Records excerpted from a collection:
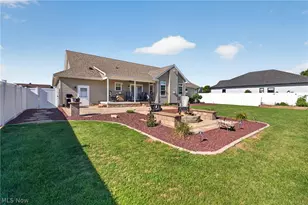 4875 Tree Line Trail, New Middletown, OH 44442 - Photo 3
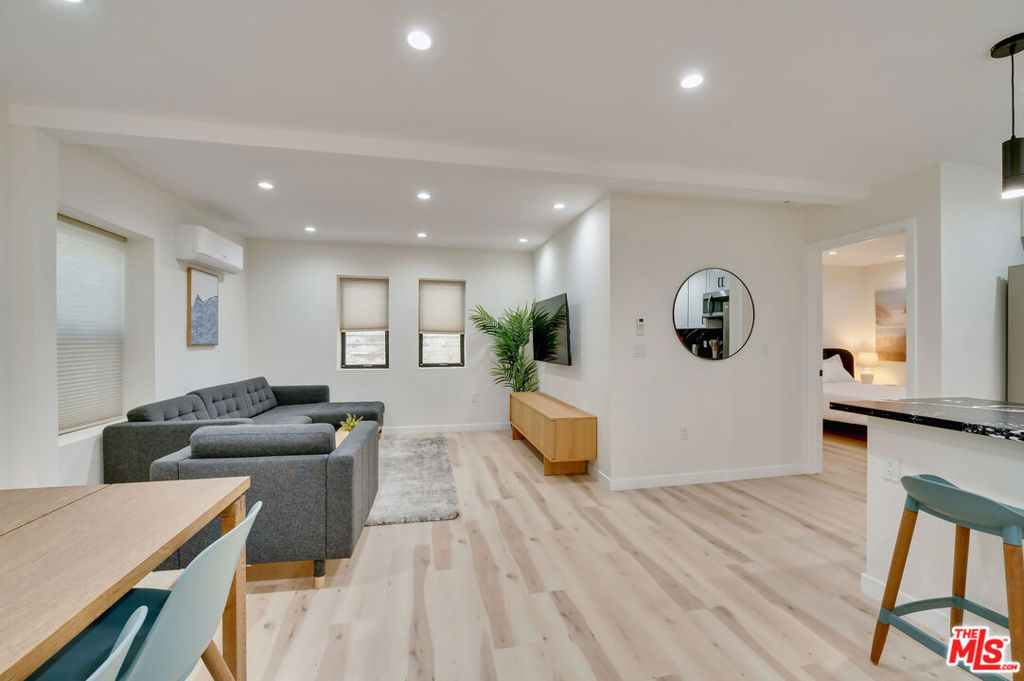 918 N San Vicente Boulevard C Property Photo 1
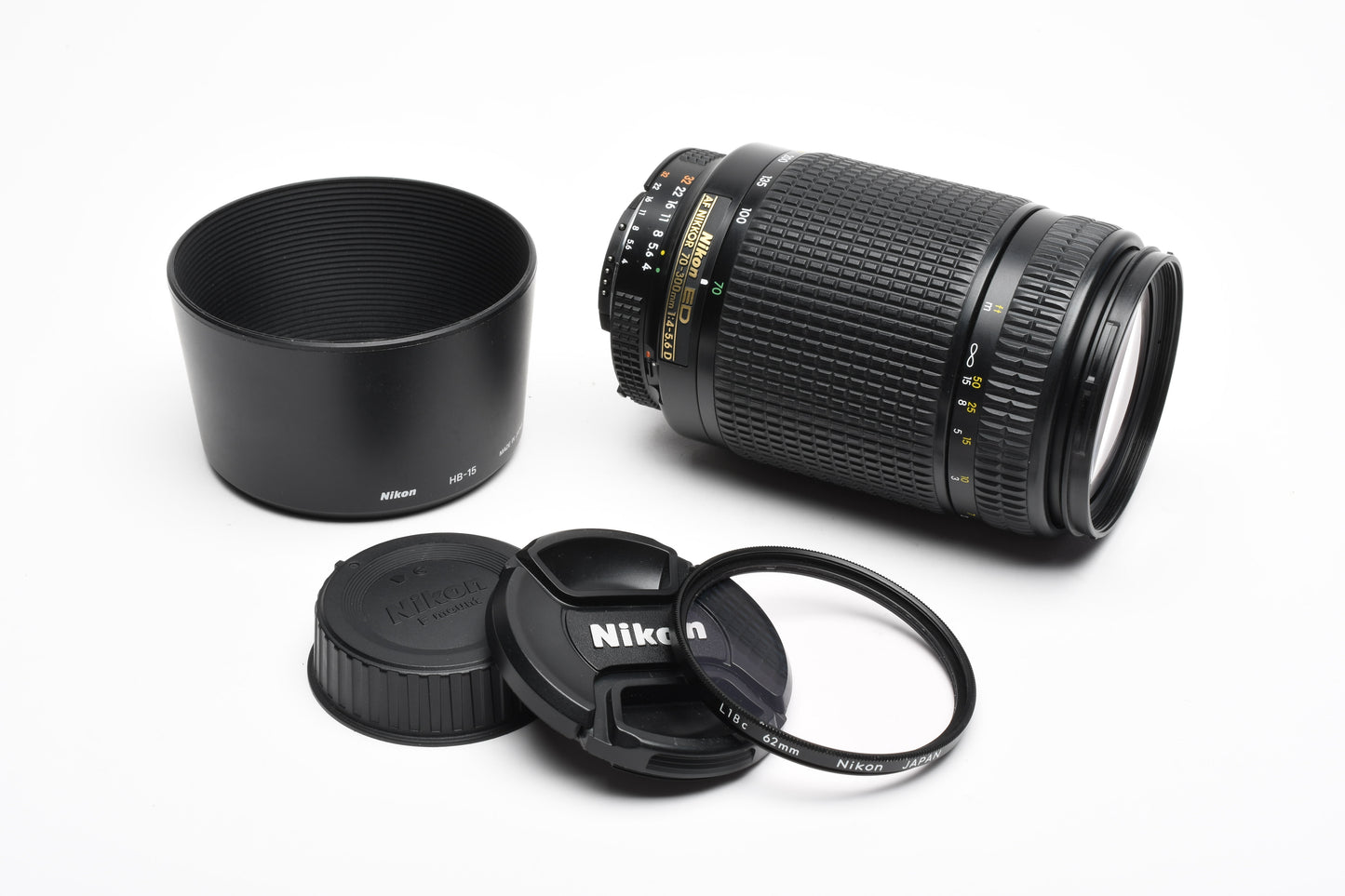 Nikon ED AF Nikkor 70-300mm f4-5.6D zoom lens, Hood+UV+caps, Mint-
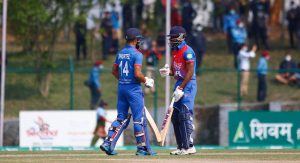 पीएनजीलाई नेपालले दियो २९८ रनको  लक्ष्य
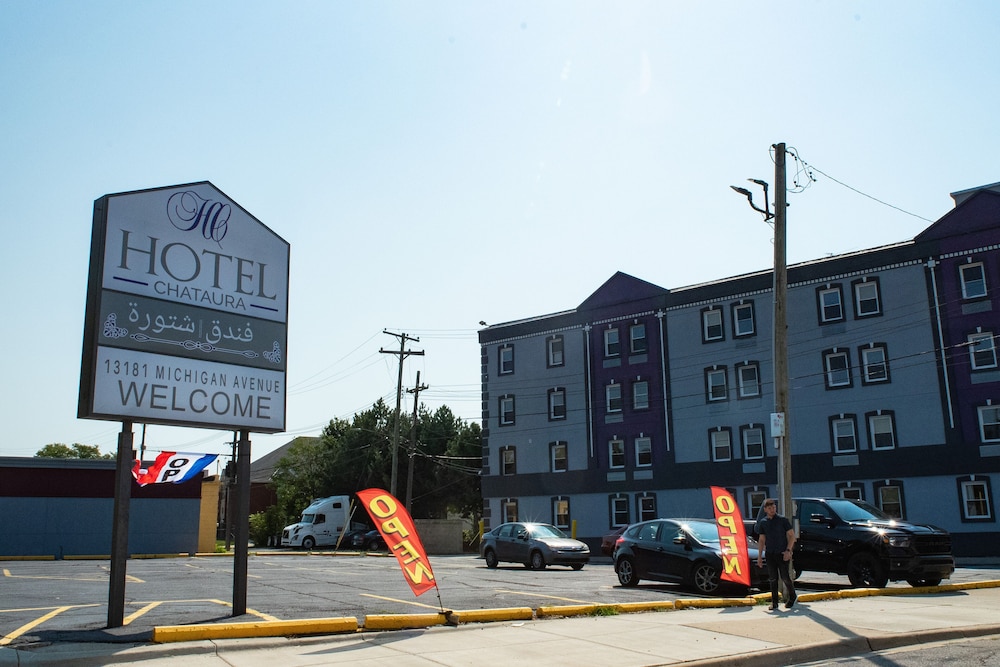 Hotel Chataura — hotel in Dearborn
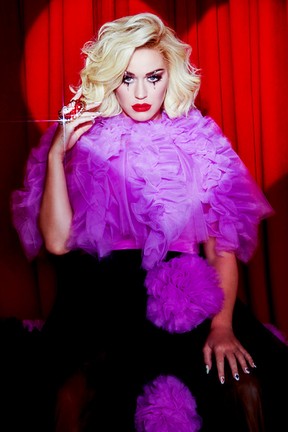 2020-09-02 Katy Perry mówi „Smile”. Posłuchaj nowego albumu!
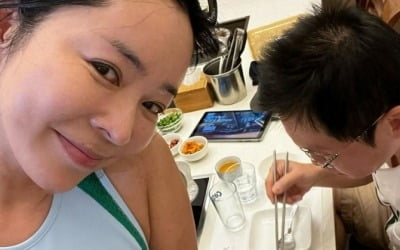 '재혼' 이혜영, 남편과 커플 사진 '찰칵'…이태원서 불금 데이트 [TEN★]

Task requirements:
Word for word, reproduce all the data, but not the pictures.

Result for this exercise:
 4875 Tree Line Trail, New Middletown, OH 44442 - Photo 3
 918 N San Vicente Boulevard C Property Photo 1
 Nikon ED AF Nikkor 70-300mm f4-5.6D zoom lens, Hood+UV+caps, Mint-
 पीएनजीलाई नेपालले दियो २९८ रनको  लक्ष्य
 Hotel Chataura — hotel in Dearborn
 2020-09-02 Katy Perry mówi „Smile”. Posłuchaj nowego albumu!
 '재혼' 이혜영, 남편과 커플 사진 '찰칵'…이태원서 불금 데이트 [TEN★]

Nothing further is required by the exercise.